Mortality has long been a structuring absence of my relationship with Don — memorials, funerals — but reading the story of his life as he reckoned it, in his words, made for a ‘thin place’ between him and me that canceled out death for as long as I was reading. In a recent conversation with the interim priest-in-charge at the Cathedral, Canon Richard LeSueur, when I explained Don’s role in my life and that of his death in my coming in to the parish, Richard suggested that Don’s passing had been like losing a sort of father figure for me — and at the time, I thought this was probably a bit of an overstatement, but didn’t see any reason to say so. As I'm reading Conversations With a Painting, though, it struck me more than once that Richard had been on to something profound. Like Don I spent years in the anti-war and Palestine solidarity movements; like Don I have a tendency to periodize my life (it makes for good writing, in Don’s case, but I’m not sure how helpful it is in life as it unfurls); like Don I was wounded early by an absent parent (his a workaholic father, mine a very sick, and then deceased, mother) and dealt with that cheated childhood by taking on precocious adulthood as a teenage boy through adopting an intellectually rigorous worldview (him Christianity, me Marxism). Most importantly for me to read, and I imagine that I won’t be alone in this, was how Don came to stop immediately making all problems into cerebral problems, allowing himself to learn to feel, though without ever sacrificing his intellectual rigour. Throughout the memoir, Grayston reserves pride of place for particularly cutting, wounding, accurate insults hurled at him by others in heated moments; the defining one of his early adulthood comes from an antagonist who calls him “a disembodied head.” In some ways, the life story told is about that head finding the rest of its body and soul — but from start to finish, with Don Grayston, the brain was the way in.

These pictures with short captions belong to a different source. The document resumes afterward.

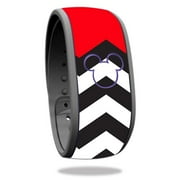 MightySkins DIMABA-Red Chevron Skin Decal Wrap for Disney Magic Band - Hand Toy Red Chevron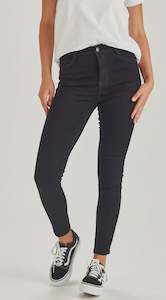 Footwear: Slip Ankle Grazer Black Jean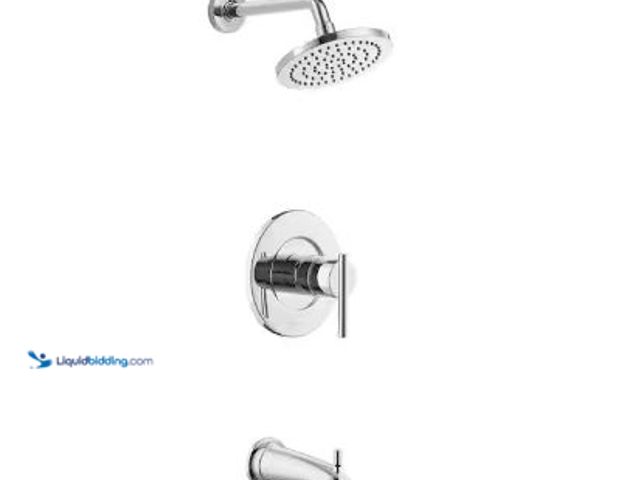 Lot 49-1625338 - Glacier Bay Dorind Single-Handle 1-Spray Tub and Shower Faucet 1.8 GPM in Chrome (Valve Included), M...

For the day of Don’s funeral, I had agreed to emcee the ‘open mic’ portion of the program in the church basement after the formal service, during the reception. As open mic’s always do, this one soon became a bit of a cacophony, with speakers going overlong and struggling to be heard from the corner of a crowded room wherein others were talking to each other over canapés. After we were mercifully wrapped, and Don’s daughter Rebekah — my former babysitter — gave me a hug, I told her “It was such an honour to be included in your dad’s last bad idea.” Reading this posthumous memoir, it brought me more joy than I can do justice with words to spend time with so many of his last good ones.
IMAGE
One of Donald Grayston's favourite singer/songwriters, Anna Baignoche singing at the October 26, 2019 launch of the book. The painting is on the left.